O Procurador da República responsável pela investigação manifestou-se favoravelmente à celebração do acordo, e remeteu a proposta ao órgão superior revisional do MPF, que, no prazo legal, não apresentou objeções.
Antes da assinatura do ajuste, contudo, o Procurador ajuizou a ação de improbidade administrativa com a finalidade de interromper o prazo prescricional.
Celebrado o acordo e submetido ao juízo competente, o magistrado, discordando do valor estipulado para a multa compensatória, decidiu alterar unilateralmente a cláusula do acordo, aumentando o valor da multa.
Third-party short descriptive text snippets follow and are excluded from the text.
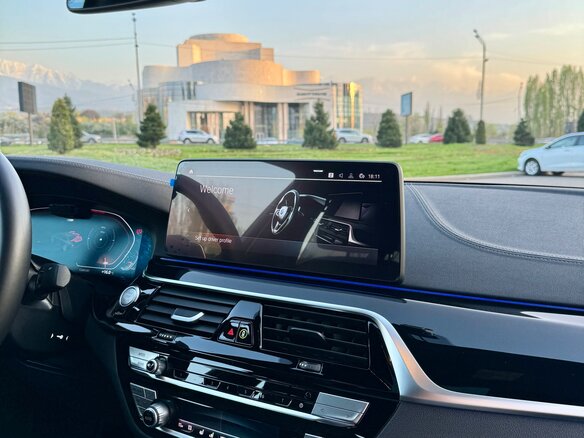 2022 BMW 5 серии 530i VII (G30/G31/G38) Рестайлинг, серый, 7299000 рублей - вид 15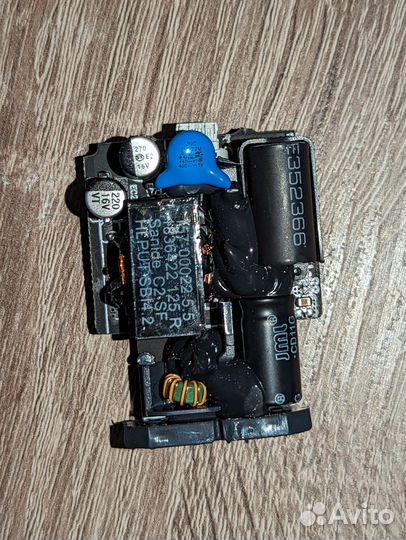 Зарядное устройство Apple 20W USB-C на запчасти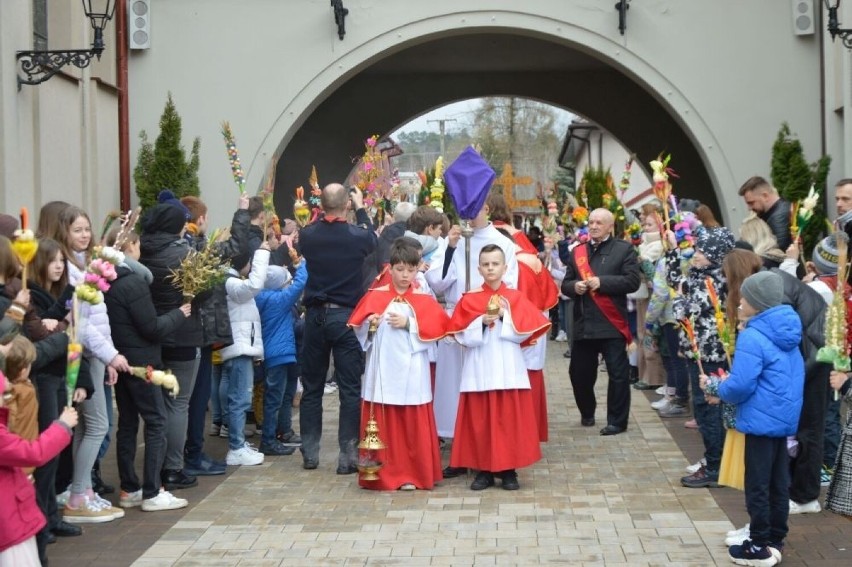Niedziela Palmowa w Sanktuarium Matki Bożej Ostrobramskiej w Skarżysku. Zobacz zdjęcia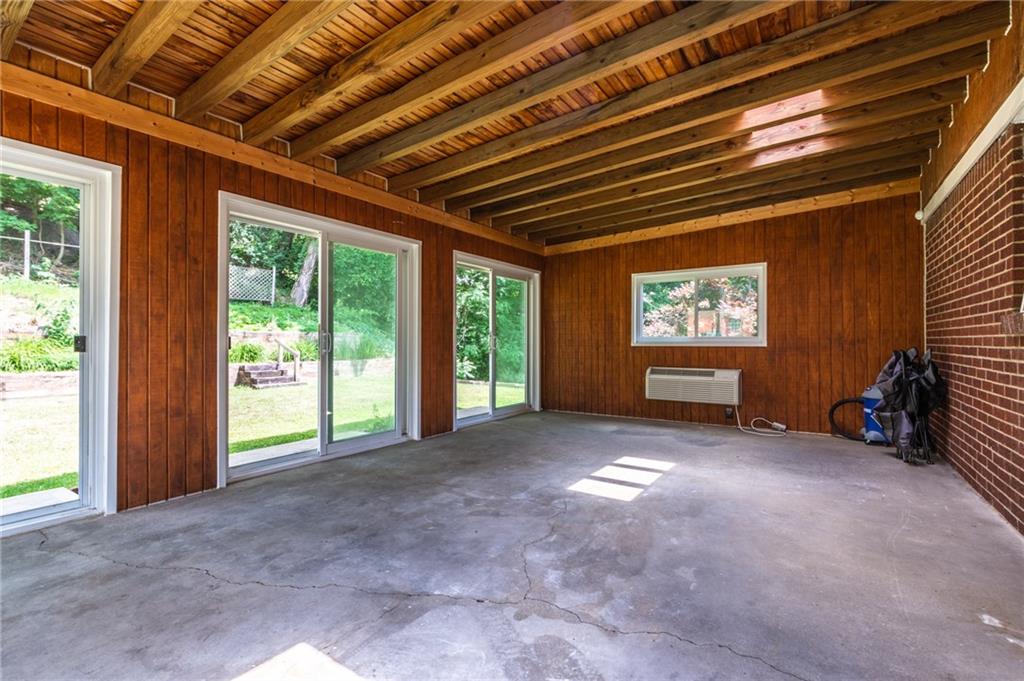 145 Poplar Ridge Road Pittsburgh, PA 15235 - Photo 10 of 25 Gallery Image 10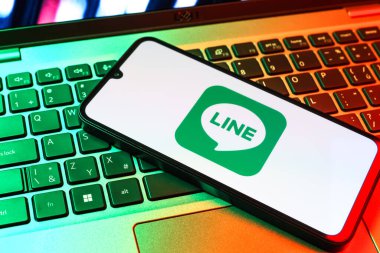 Prag, Çek Cumhuriyeti - 09 02 2025: Telefonun klavyesinde renkli ışık çizgisi logosu var. Line aramalar, mesajlar ve çokluortam paylaşımı için bir mesajlaşma uygulamasıdır.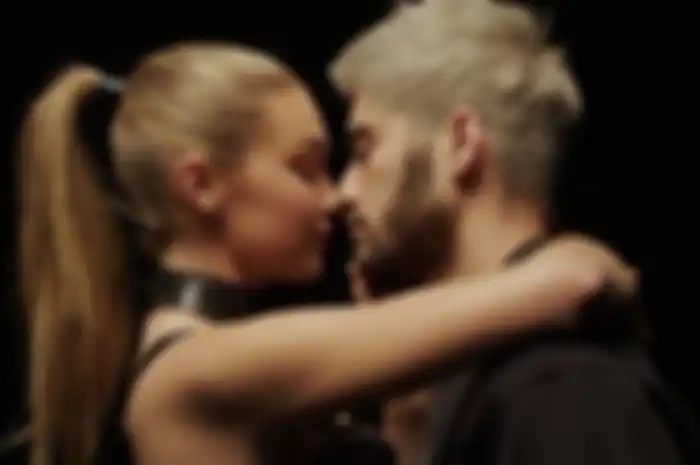 Gigi Hadid dan Zayn Malik kencan romantis usai menyambut kelahiran anak pertama mereka. 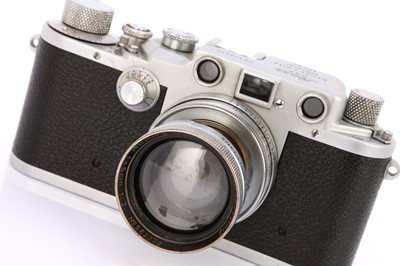 Lot 112 - A Leica IIIc 'Heer' Rangefinder Camera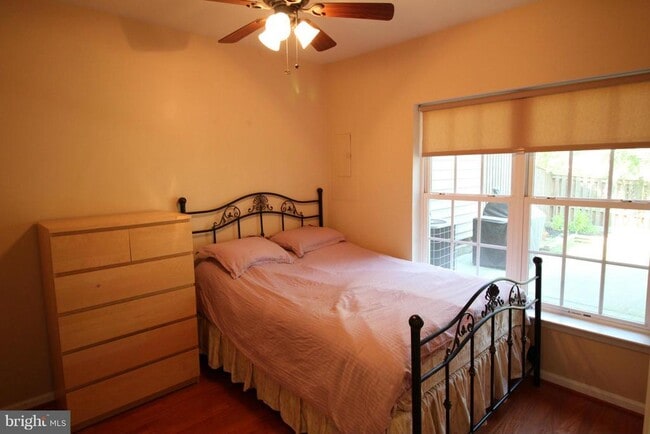 Foto del edificio - 12010 Lynford Ln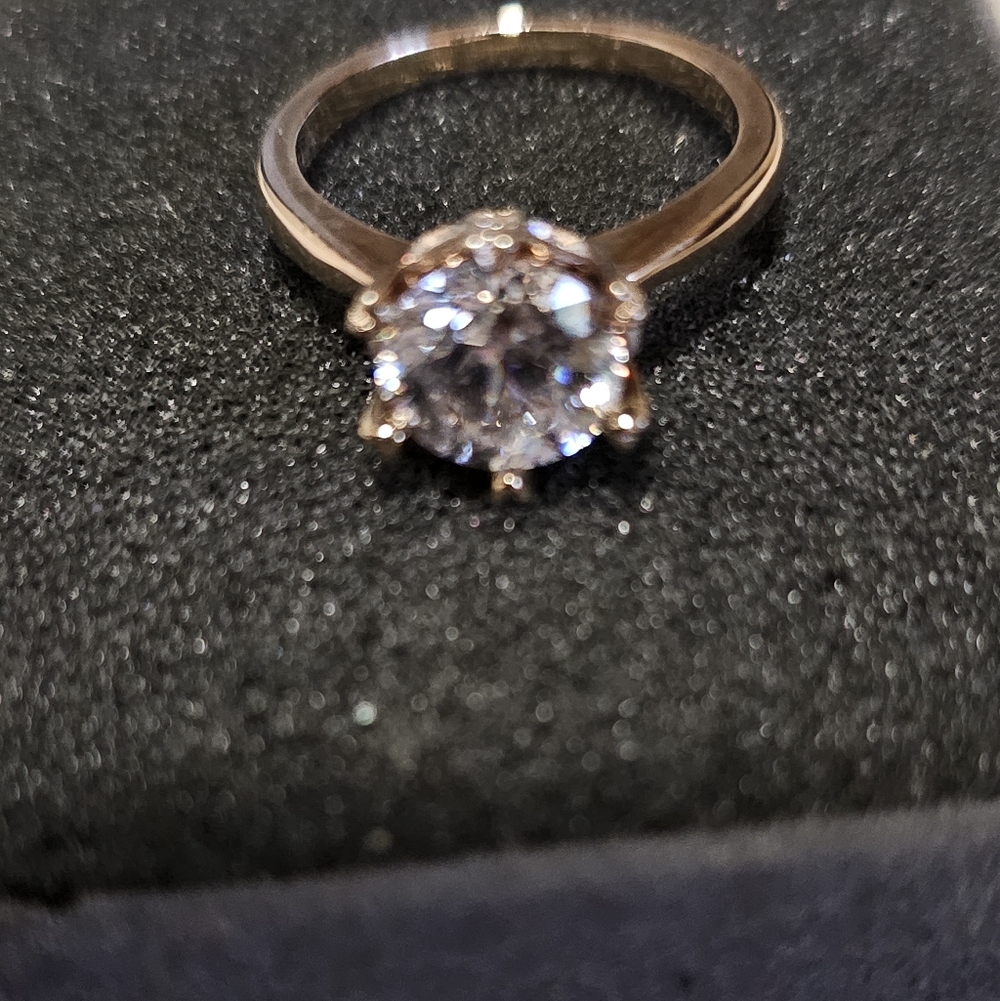 Elegant Gold Solitaire Ring - Picture 2 of 5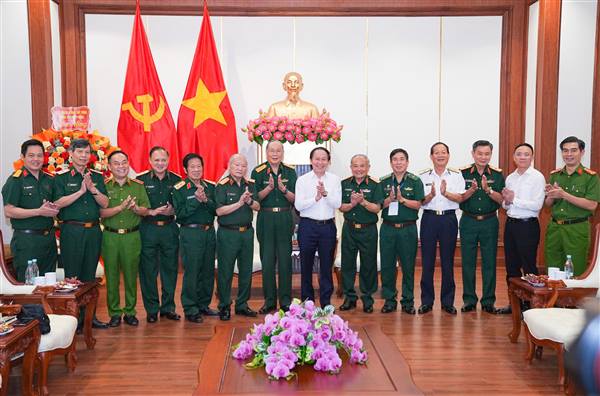 Bí thư Thành uỷ Lê Tiến Châu tiếp đại diện Ban Liên lạc sĩ quan cấp tướng thành phố Hải Phòng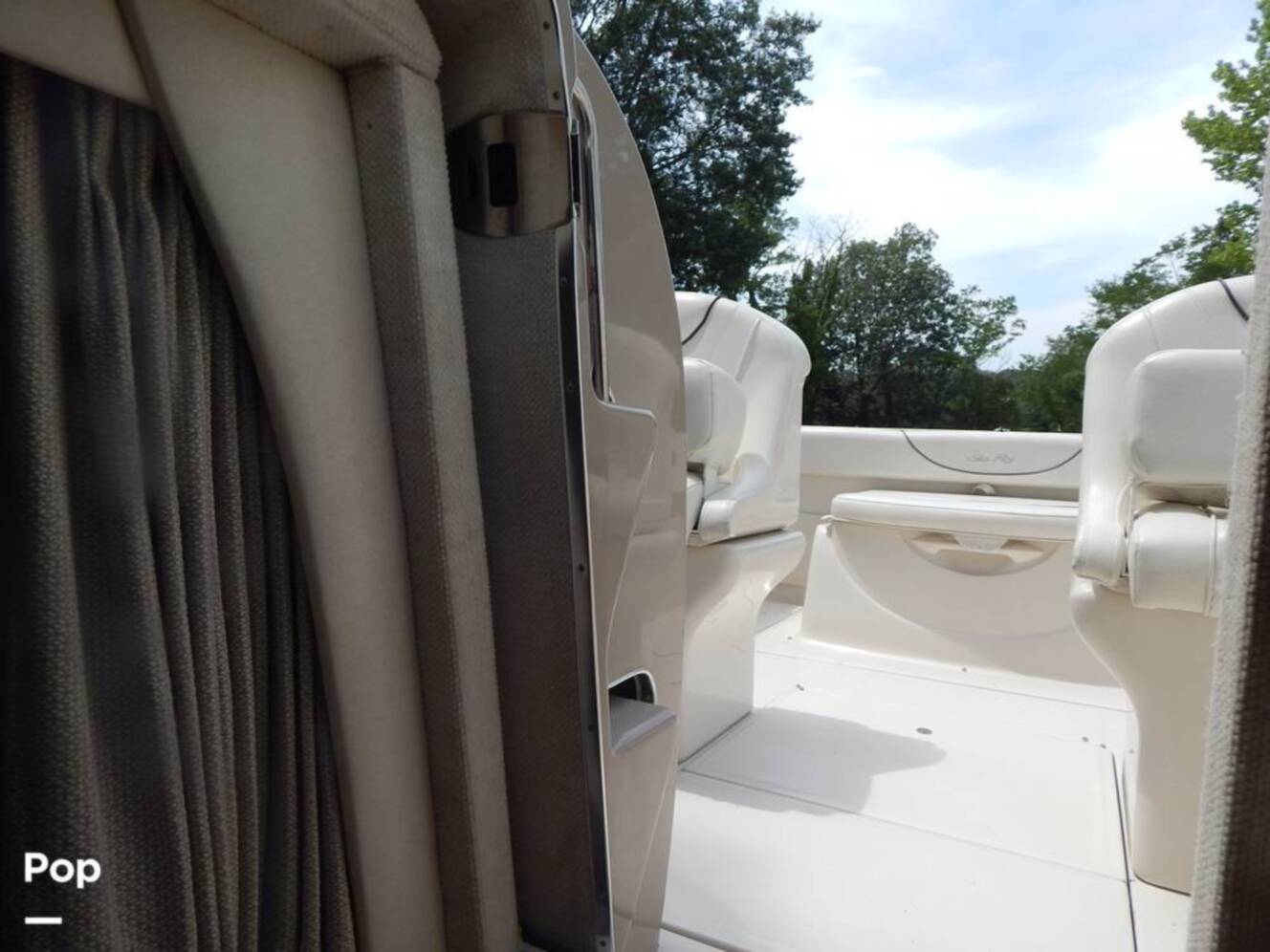 A photo of this 2004 Sea Ray 240 Sundeck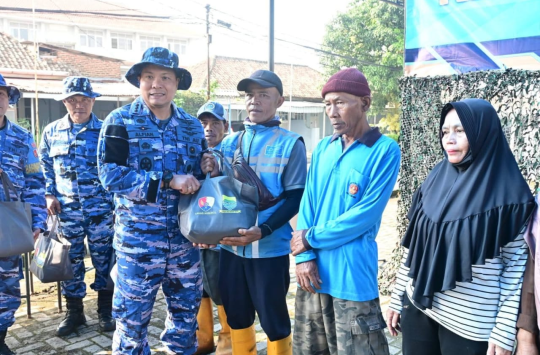 Komandan Lanud Husein Sastranegara, Kolonel Pnb Alfian, S.E., M.Han., saat membagikan sembako bagi warga Bandung pada  Sabtu 21 Juni 2025. (Foto: Dispen AU).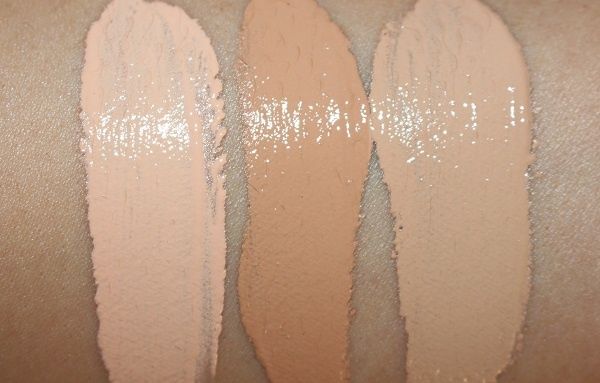 Laura Mercier Real Flawless Weightless Perfecting Foundation
Podkład d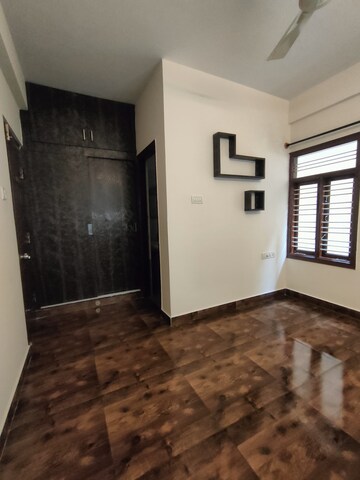 Room in 2 BHK Builder Floor at Hsr Layout – for Rent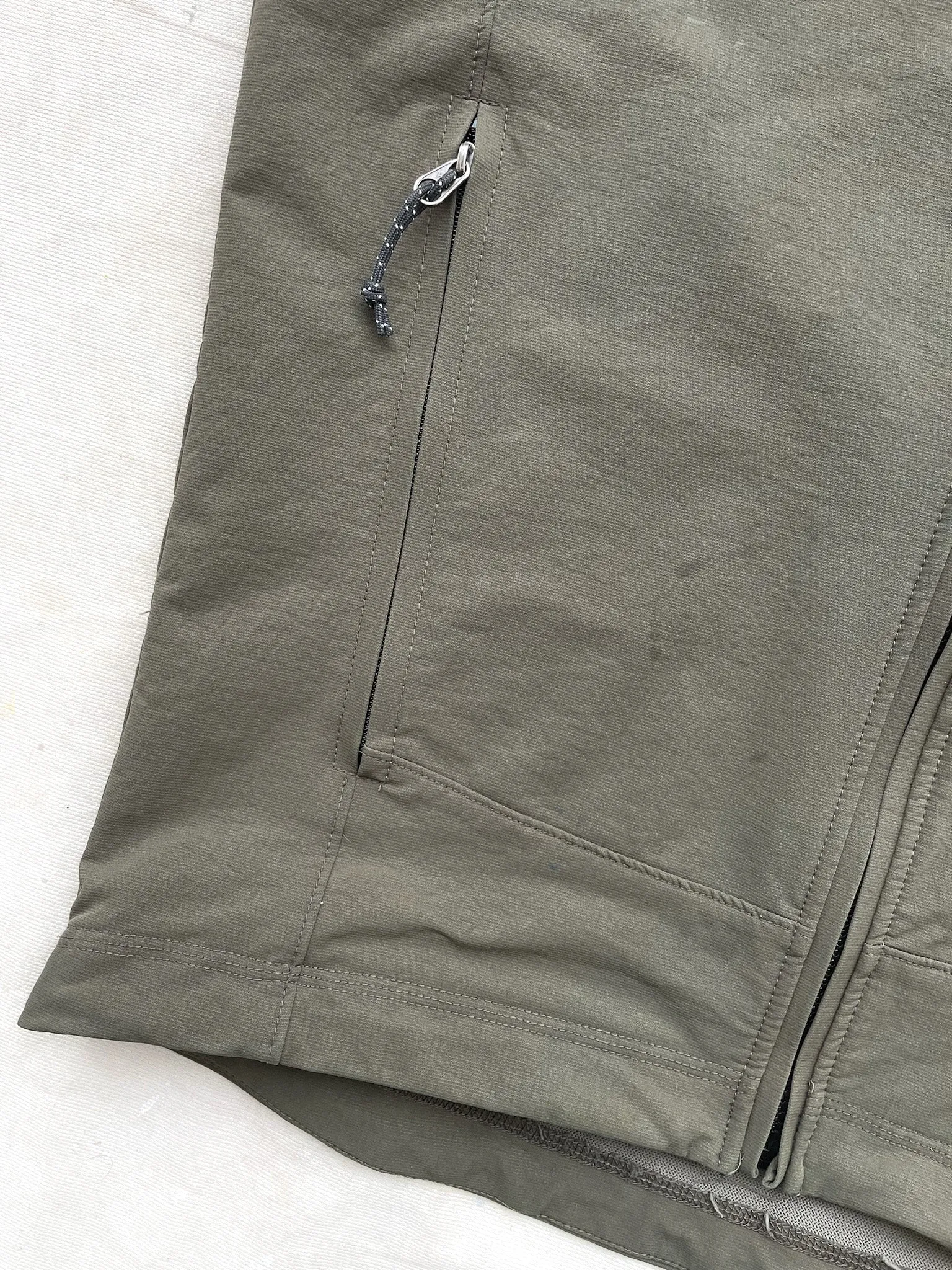 Mountain Hard Wear Conduit Softshell Jacket—[M]
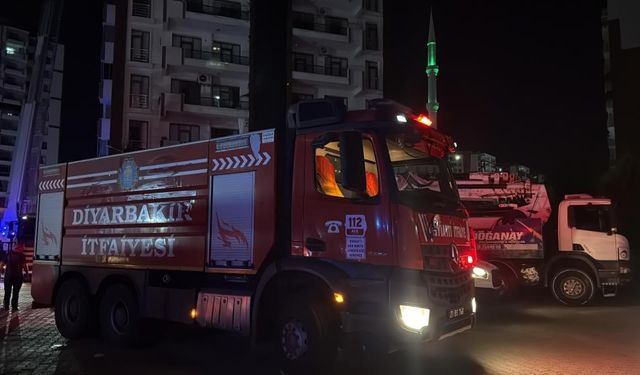 Diyarbakır'daki yangında ölü sayısı 4'e yükseldi: Anne ve 3 çocuğu hayatını kaybetti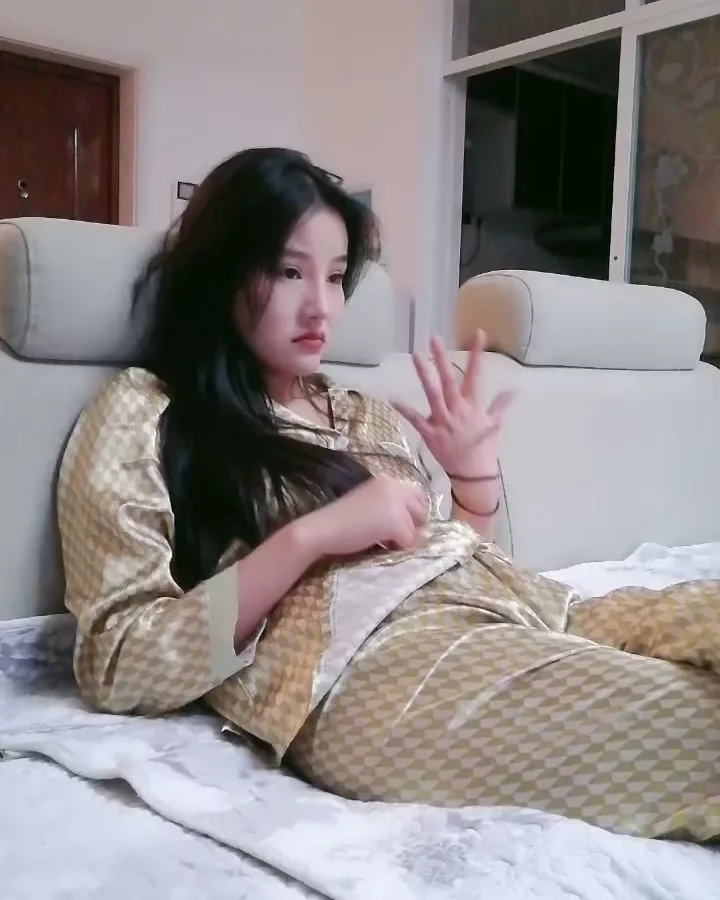 Video abspielen: Asiatische Solo-Masturbation – Gesicht zu sehen, Dessous, POV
À luz do caso apresentado e do disposto no art. 17-B da Lei nº 8.429/1992, assinale a alternativa correta:
A remessa do acordo ao órgão revisional do Ministério Público era desnecessária, já que a aprovação judicial supre a necessidade de controle interno em qualquer fase do processo.
A assinatura do ANPC após o ajuizamento da ação é juridicamente inviável, pois a consensualidade na improbidade administrativa se restringe à fase préprocessual.
O juiz não possui competência para modificar unilateralmente as cláusulas pactuadas no acordo, limitando-se o controle judicial à legalidade, razoabilidade e ao atendimento ao interesse público.
O fato de a ação ter sido ajuizada antes da celebração do acordo impede a sua posterior homologação judicial, salvo se a parte autora desistir da demanda.